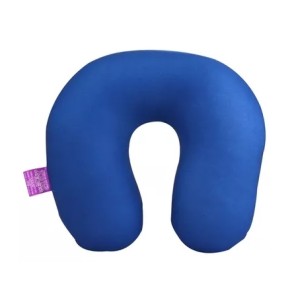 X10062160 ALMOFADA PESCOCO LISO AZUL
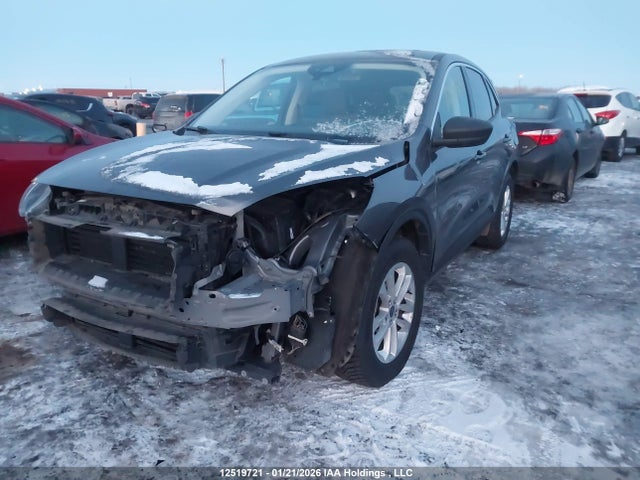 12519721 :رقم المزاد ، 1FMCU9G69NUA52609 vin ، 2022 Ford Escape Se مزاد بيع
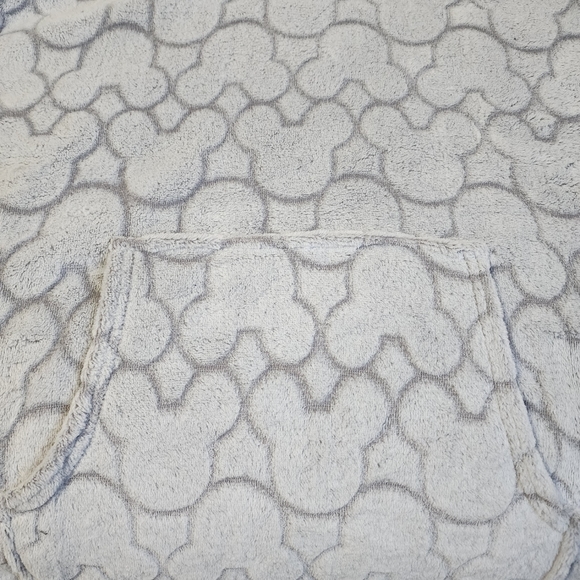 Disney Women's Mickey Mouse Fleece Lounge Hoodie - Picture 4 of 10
----
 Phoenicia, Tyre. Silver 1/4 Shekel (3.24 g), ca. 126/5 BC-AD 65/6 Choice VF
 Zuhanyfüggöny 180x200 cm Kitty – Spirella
----
_What you are asked to do_: Retype the records above, but only those lines that fall between the line containing "Phoenicia, Tyre. Silver" and the line containing "Zuhanyfüggöny 180x200 cm Kitty – Spirella", with both of those lines included, exactly as written.

_Solved problem_:
 Phoenicia, Tyre. Silver 1/4 Shekel (3.24 g), ca. 126/5 BC-AD 65/6 Choice VF
 Zuhanyfüggöny 180x200 cm Kitty – Spirella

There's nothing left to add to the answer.